> _THE PROBLEM_
Your reply should set down word for word each line below from the one with "Harley-Davidson Dyna Super Glide - 5" through the final line, both included, but none of the pictures.

===== DATA TO EXAMINE

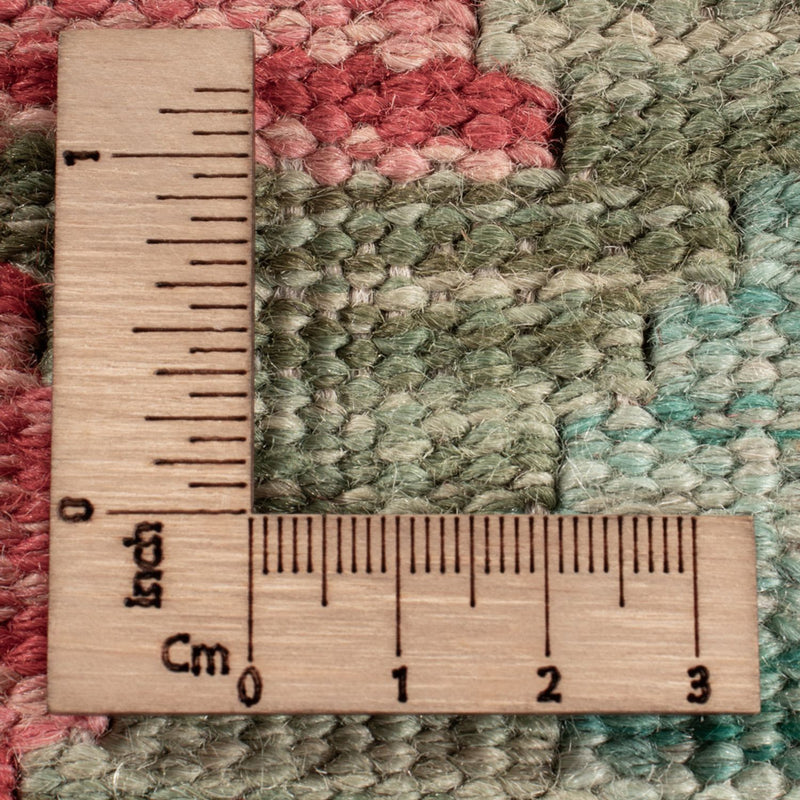 Kelim tapijt - Splash - 181 x 120 cm - veelkleurig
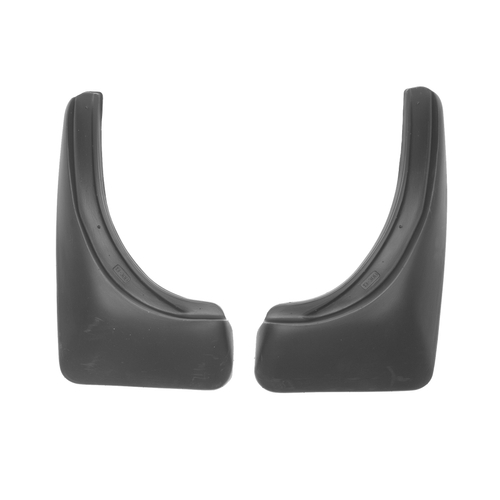 Брызговики Norplast для Changan Eado в кузове седан, задние, Черные, 2011- арт.NPL-Br-13-30B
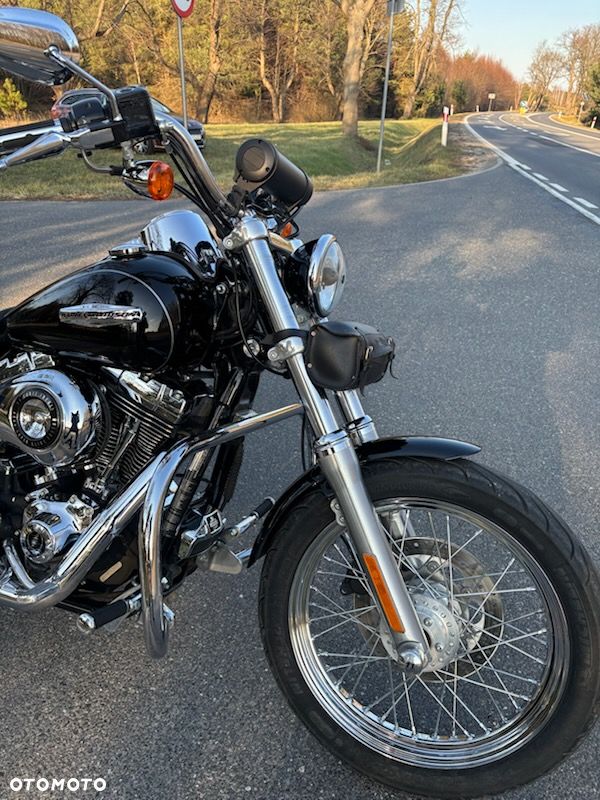 Harley-Davidson Dyna Super Glide - 5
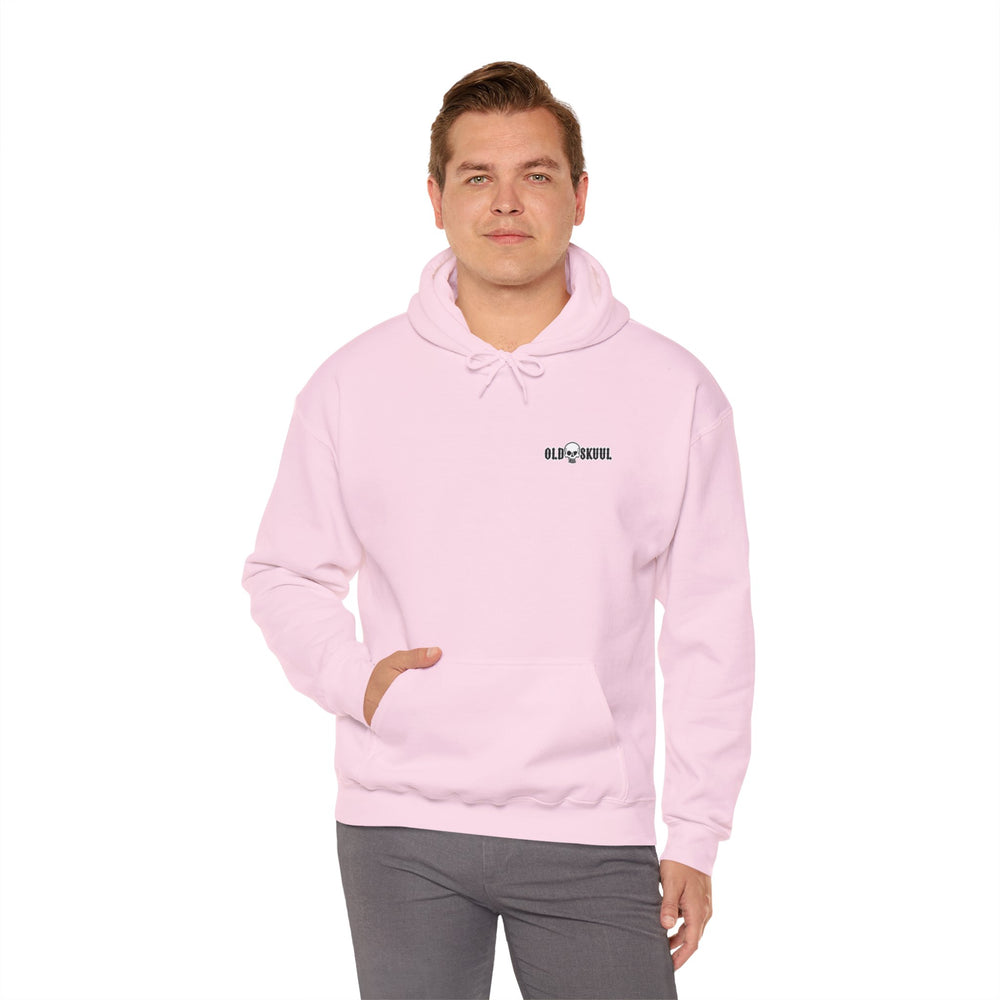 DADDY'S WARNING HOODIE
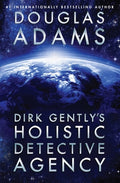 Cover Image for Dirk Gently's Holistic Detective Agency -- Douglas Adams, Paperback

==========

> _WORKED SOLUTION_
 Harley-Davidson Dyna Super Glide - 5
 DADDY'S WARNING HOODIE
 Cover Image for Dirk Gently's Holistic Detective Agency -- Douglas Adams, Paperback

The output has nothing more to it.